-2

Is there any way to measure the quality and appeal/aesthetic of an audio clip? The quality quantifies how good the sound is, ie., the lower the noise the better the quality is. Whereas the appeal/aesthetic measures how appealing the sound is to the human. There exists some work for image quality and aesthetic assessment like NIMA, but not for sound/audio.

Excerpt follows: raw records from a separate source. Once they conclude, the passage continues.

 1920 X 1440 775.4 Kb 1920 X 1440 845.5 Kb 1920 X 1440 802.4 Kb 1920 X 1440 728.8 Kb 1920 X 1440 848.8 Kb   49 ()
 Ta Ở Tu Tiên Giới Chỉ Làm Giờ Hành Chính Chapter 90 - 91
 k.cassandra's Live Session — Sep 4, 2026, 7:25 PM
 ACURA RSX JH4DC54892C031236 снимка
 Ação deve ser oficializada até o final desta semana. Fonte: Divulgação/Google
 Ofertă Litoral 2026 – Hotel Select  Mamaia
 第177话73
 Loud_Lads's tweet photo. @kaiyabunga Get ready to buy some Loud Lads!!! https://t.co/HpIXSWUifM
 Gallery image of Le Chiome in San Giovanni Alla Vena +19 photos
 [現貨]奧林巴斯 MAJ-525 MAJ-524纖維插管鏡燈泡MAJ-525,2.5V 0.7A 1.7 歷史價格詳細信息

Any method or references will be helpful.

Saikat
  • 1,209
  • 3
  • 16
  • 30
  • 1
    appeal is necessarily tied to current vibes of the person so any metric of a given clip can only be measured if at all only after assessing the person ... if that was possible the resultant metric would only be valid for the point in time of that listening and wildly invalid at other times and at all times for other people – Scott Stensland Nov 17 '19 at 15:24

2 Answers2

2

We recently published a PESQ variant for the PyTorch framework, you can find it here: https://github.com/audiolabs/torch-pesq

This allows you to use an perceptual metric for wideband speech quality in context of deep learning and generate gradients for your training.

bytesnake
  • 21
  • 3
1

Measurements of audio quality or asthetic is done both with and without machine learning. However most of the work focuses on speech reproduction, much less on general audio.

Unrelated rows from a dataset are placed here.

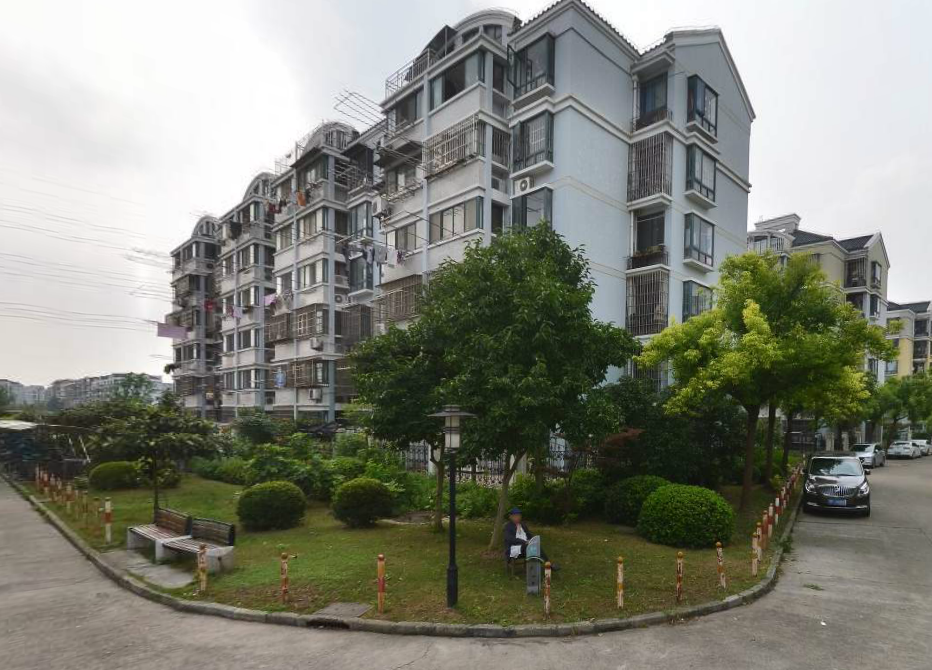 合租| 聚龙家园,精装修,拎包入住,本周必出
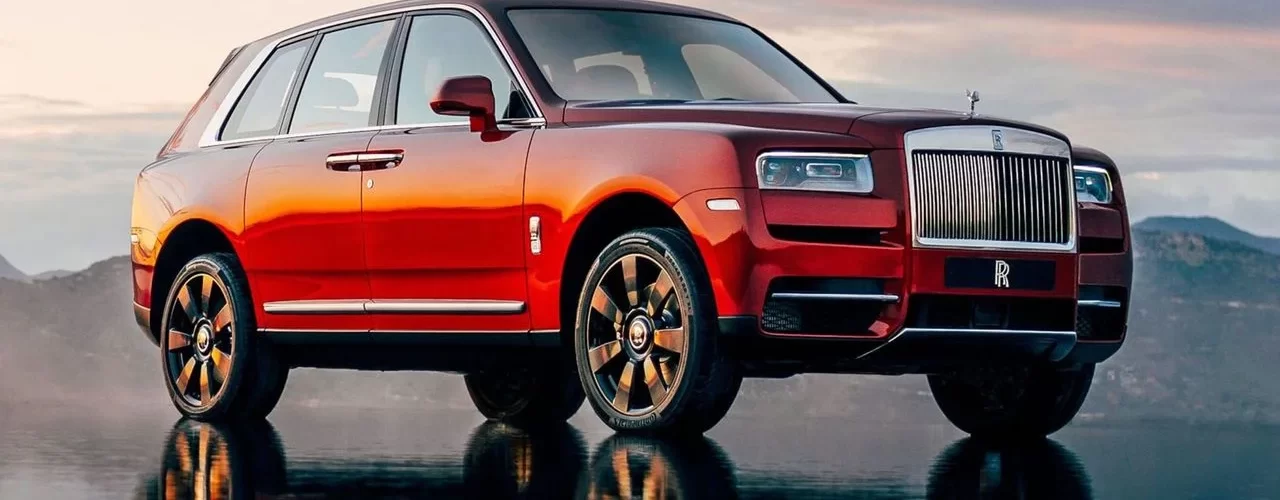 График роста утильсбора на автомобили в России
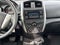 2018 Nissan Versa 1.6 SV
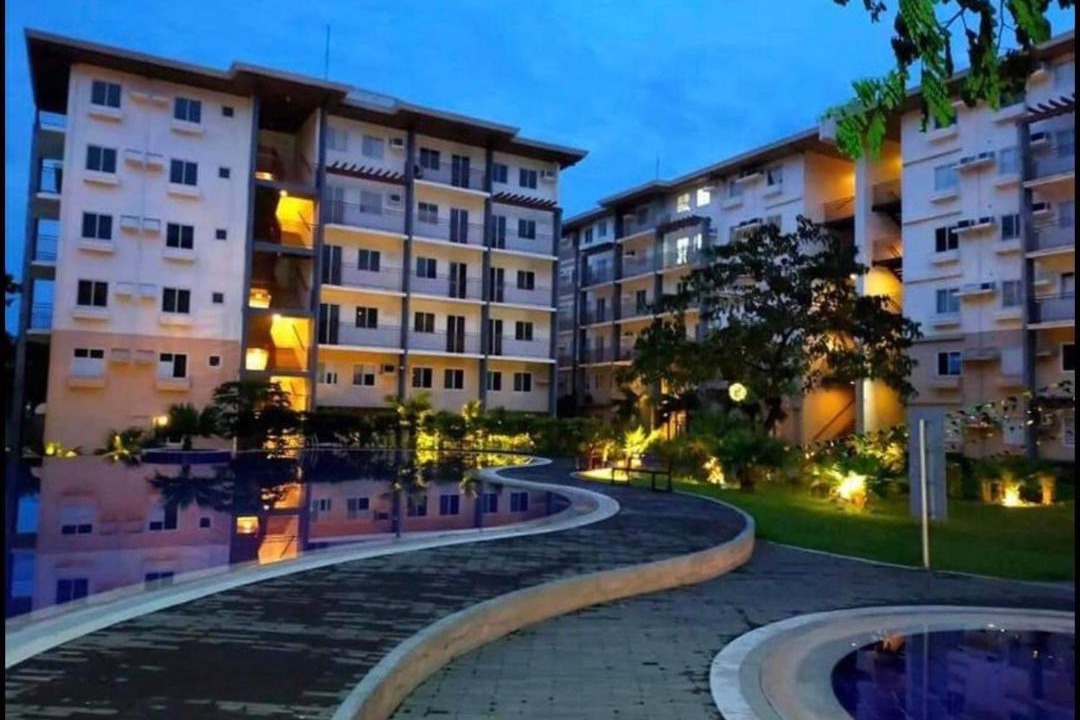 Photo of Others in Canlubang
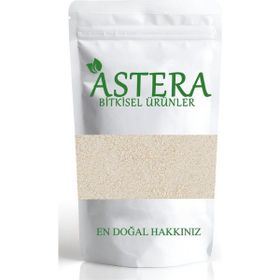 Astera 3 kg Glutensiz Kinoa Unu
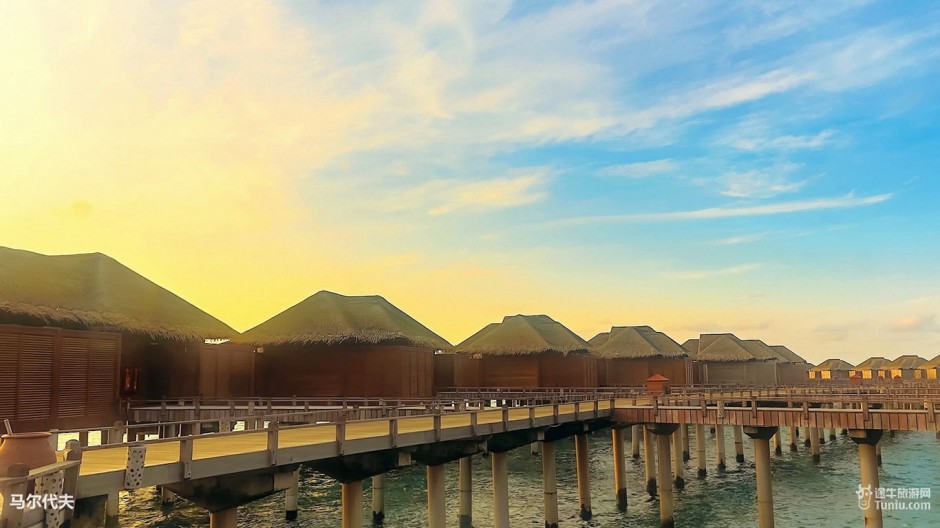 ppt背景图片风景 城市风景赏析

One can conduct listening tests, where a panel of human asessors listen to audio and give their score, to establish a Mean Opinion Score (MOS). There exists several standards for conducting these, such as MUSHRA. Such subjective scores form the basis of developing "objective metrics", which are algorithmic ways to estimate qualities of the audio. Some early examples are PESQ for Speech Quality (ITU standard since 2001) and PEAQ for Audio Quality (ITU standard since 1998). More advanced include POLQA (ITU standard since 2011) and ViSQOLAudio (proposed in research).

The last years several papers have shown that one can learn such metrics using deep neural networks. For speech quality, one recent paper (2019) is Intrusive and Non-Intrusive Perceptual Speech Quality Assessment Using a Convolutional Neural Network.

The only learned evaluation I have found for general Audio Quality or music quality is Fréchet Audio Distance.

Jon Nordby
  • 5,494
  • 1
  • 21
  • 50